İzlanda Penis Müzesi
İzlanda Penis Müzesi | |
---|---|
Hið Íslenzka Reðasafn | |
Açılış | 1997) (1997) |
Konum | Laugavegur 116, Reykjavík, İzlanda |
Koordinatlar | 64°08′35″K 21°54′53″B / 64.14306°K 21.91472°B / 64.14306; -21.91472 |
Tür | Tıbbi müze |
Koleksiyon(lar) | 280 penis |
Ziyaretçi | 11.000 (yıllık) |
Müdür | Hjörtur Gísli Sigurðsson |
Kurucu | Sigurður Hjartarson |
Otopark? | Yok |
Resmî site | phallus.is |
İzlanda Penis Müzesi (İzlandaca: Hið Íslenzka Reðasafn), Reykjavík, İzlanda'da yer alan ve dünyanın en büyük penis ve penis bölümleri koleksiyonuna ev sahipliği yapan müzedir. 280 farklı örnekten oluşan koleksiyon, 93 farklı hayvan türünün organlarını içerir. 55 penis balinalardan, 36 penis foklardan, 118 penis ise karada yaşayan memelilerden elde edilmiştir. İddiaya göre, huldufólklar (İzlanda elfleri) ve trollerin penis örnekleri de bu sayıya dahildir.
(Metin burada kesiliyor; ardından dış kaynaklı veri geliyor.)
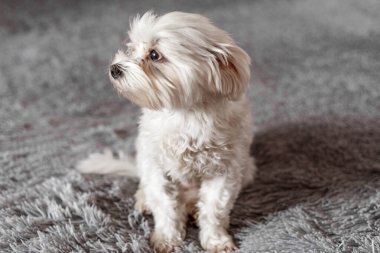 Yatakta oturan Maltalı süs köpeği, Maltalı süs köpeği, köpek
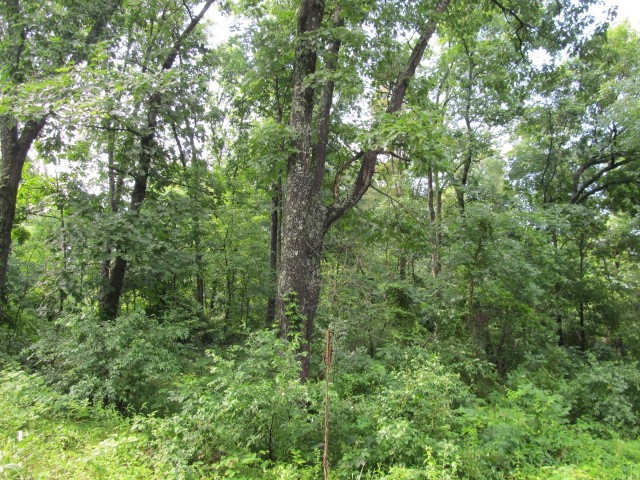 0 East Copeland Road Walnut Hill, IL 62893 - Photo 1 of 11
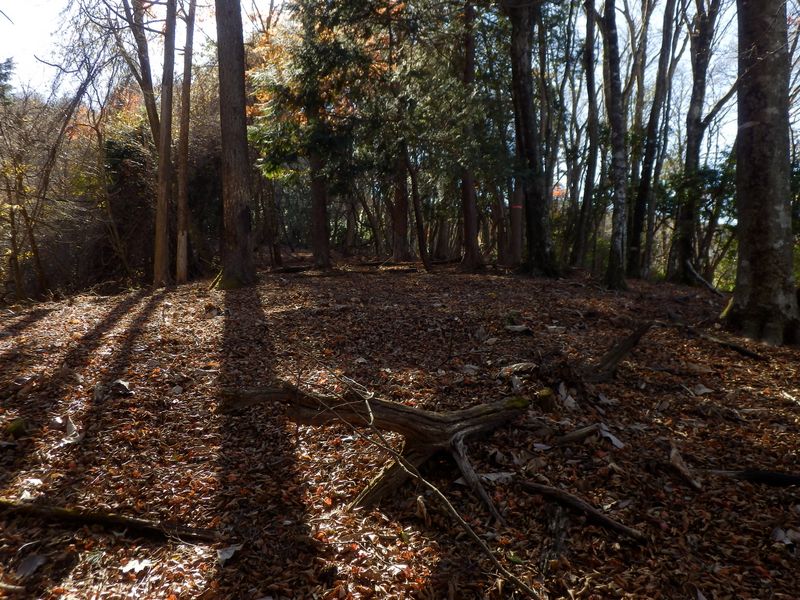 ゆるやかな登り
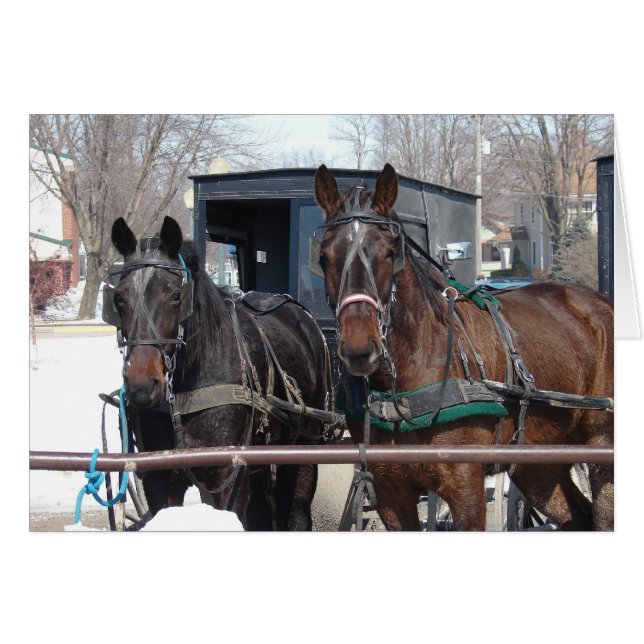 Cartão No Posto Hitching (Frente Horizontal)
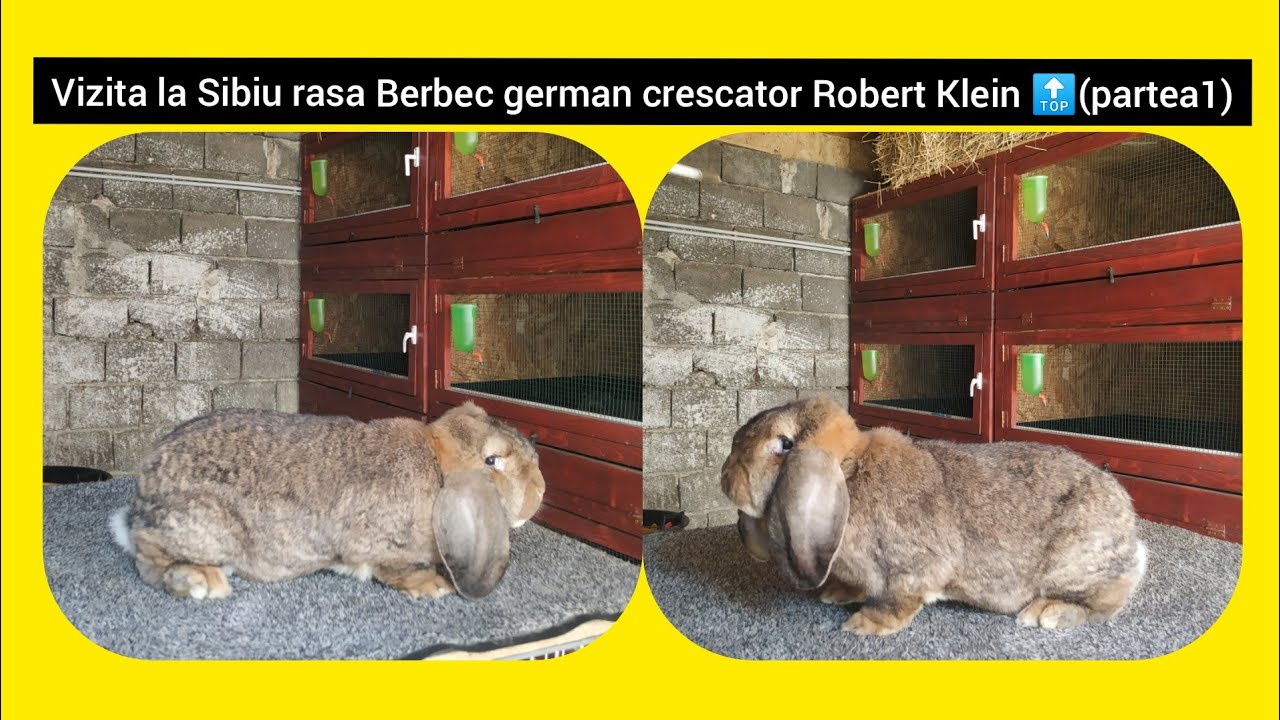 Vizita la Sibiu, prezentare matcă femele berbec german crescator Robert Klein 🔝💣👍(partea1)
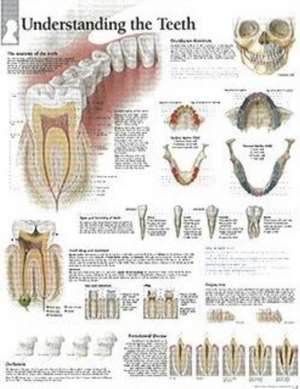 Understanding the Teeth Chart: Laminated Wall Chart de various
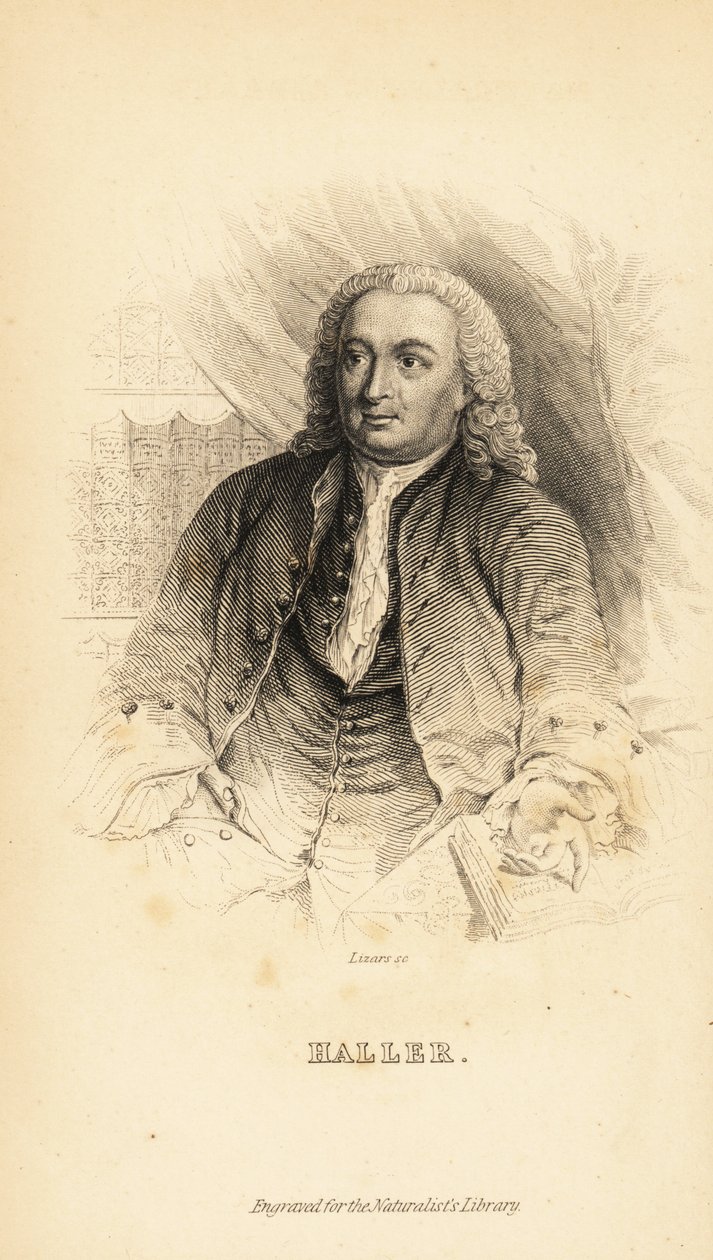 Albrecht von Haller, İsviçreli anatomist, doğa bilimci ve şair, 1708-1777 by Unknown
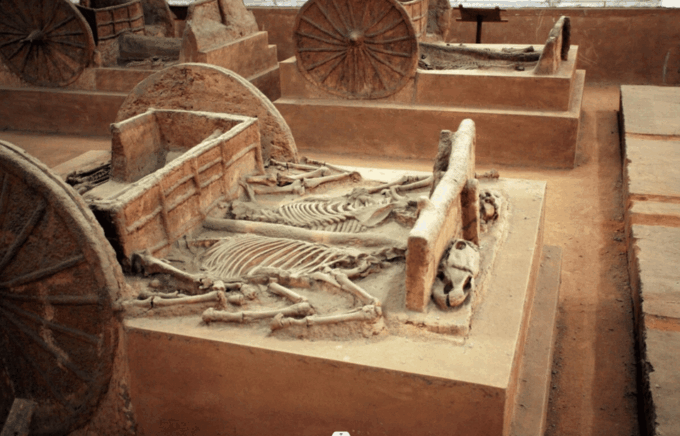 From Luoyang to Anyang Visit Yin Ruins & Character Museum - Important Information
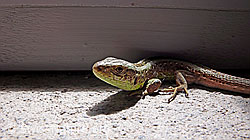 F049643: Zauneidechse (Lacerta agilis)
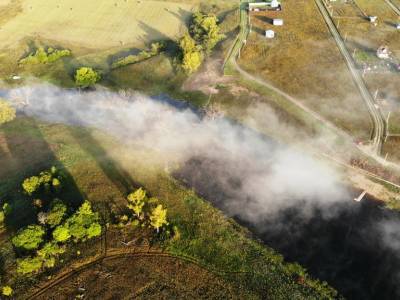 Васильково Васильково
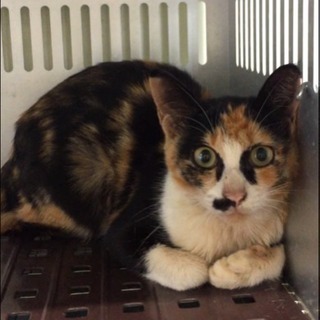 10/2期限！殺処分間近の優しい三毛猫ちゃんを助けて！ - 柳井市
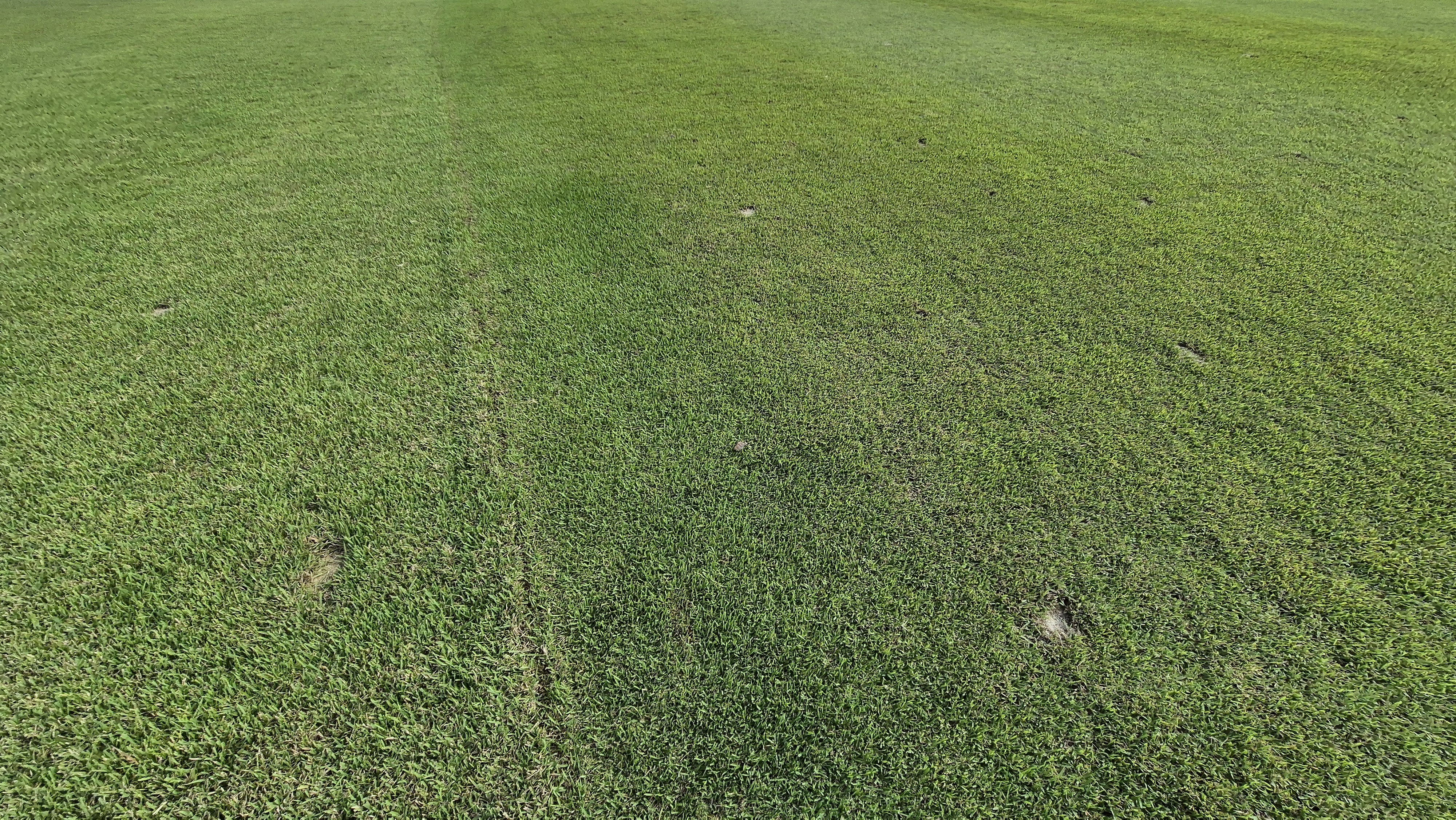 플라밍고cc 듄스-링크스 코스 라운드 후기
Temmuz 2011'de, bağışçı olmaya söz veren dört kişiden birinin yaptığı bağışla, müze, insan penisini koleksiyonuna dahil etmiş oldu. Bağışçının vücudundan penisi ayırma işlemi planlandığı gibi gitmedi. Penis, grimsi-kahverengi bir buruşuk kütleye dönüştü ve formaldehitten oluşan bir kavonuzun içinde salamura edildi. Müze, günümüzde, "daha genç, daha büyük ve daha iyi bir penis" için arayışlarını sürdürmektedir.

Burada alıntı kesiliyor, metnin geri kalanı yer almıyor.